Eve the so-called blurring of boundaries between work and leisure, often glorified in postmodernist and post-Marxist discourses, is indeed questionable. This blurring of boundary is in reality an encroachment of workers’ free time. When one is working online from home, after the office hours, blurring of boundaries between work and leisure is hardly anything to glorify.
Likewise, Mason’s ‘networked individual’, bearer of postcapitalism, is in a majority in London, Tokyo and Sydney. True, as mentioned above, Chinese have been taken into account. During their non-work time, they get networked. What about India? He does not mention that hardly 20% in India have access to Internet. This brings us to the second major flaw in Mason’s book. It simply refuses to take into account the global digital divide. Roughly two-thirds in Asia and Africa happen to be on the wrong side of digital divide. In fact, before downloading postcapitalism, digitally deprived Afro-Asians will have to download basic literacy.
It is, therefore, understandable that Nepal witnessed a refreshingly old-fashioned revolution led by Maoists instead of dot.communists. A partially successful democratic transformation in Tunisia would not have been possible without its strong trade union base. Even if one buys widely-circulated mainstream myth, flaunted by Mason as well, that the Arab Spring was a networked, Facebook revolution, the developments in Syria and Egypt further expose Mason’s thesis that blindly ignores the role of state.

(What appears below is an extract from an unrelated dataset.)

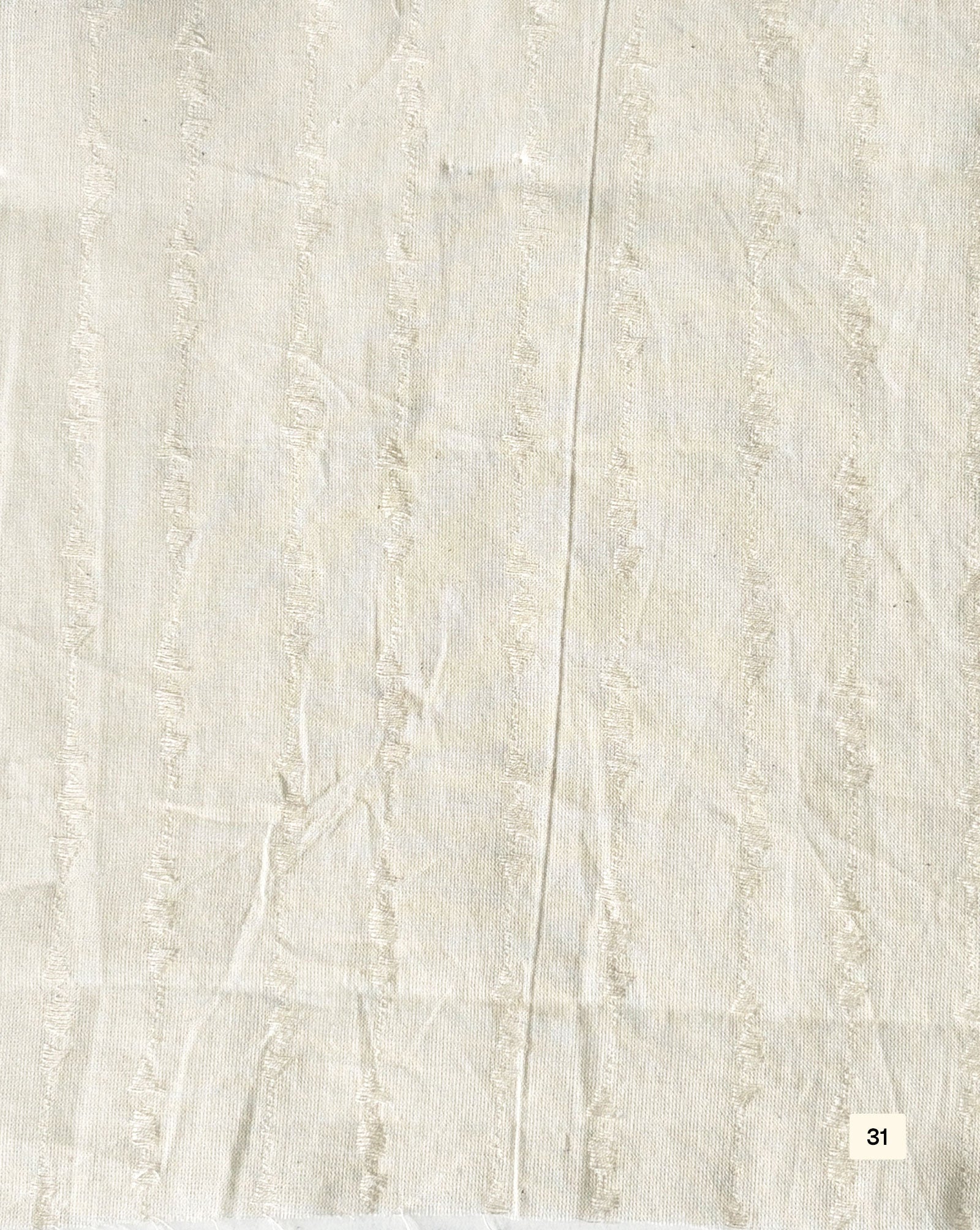 Greige Cotton Dobby fabric 48"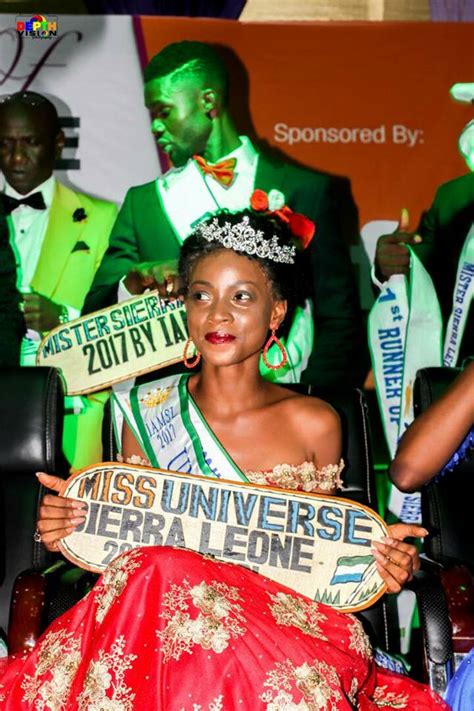 first look at newly crowned miss universe sierra leone adama lakoh kargbo photos switsalone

It seems the state will play a neutral spectator as dot.communists will volunteer, Wikipedia-style, to socially download food, clothing, electricity and education for the global South as well. Even if one concedes that Wikipedia-style volunteer work is uniquely new in human history, what if networked individuals and dot.communists refuse to download the revolution. Mason himself points out that this e-bourgeoisie is hardly interested in politics. His hope lies in the fact that networked individual is indeed angry. So was apocryphal proletariat. Mason ridicules the left for not understanding that the proletariat has not really risen to deliver the end of capitalism. Instead, the proletariat devised strategies to survive and to go on living despite capitalism. What if angry networked individuals also go on living with survival instincts? Ironically, this highly glorified harbinger of postcapitalist revolution is a post-ideological subject. At least, Mason nowhere describes the philosophical outlook of his revolutionary subject. Herein lies yet another problem with Mason’s thesis. He identifies the technological possibilities of building postcapitalism. He identifies the subjectivities. He selectively deploys Marx to build his claims. But he dismisses Lenin and simply ignores Gramsci. His post-ideology dot.communists will simply outdo capitalists through their voluntary services, a bourgeois state not withstanding.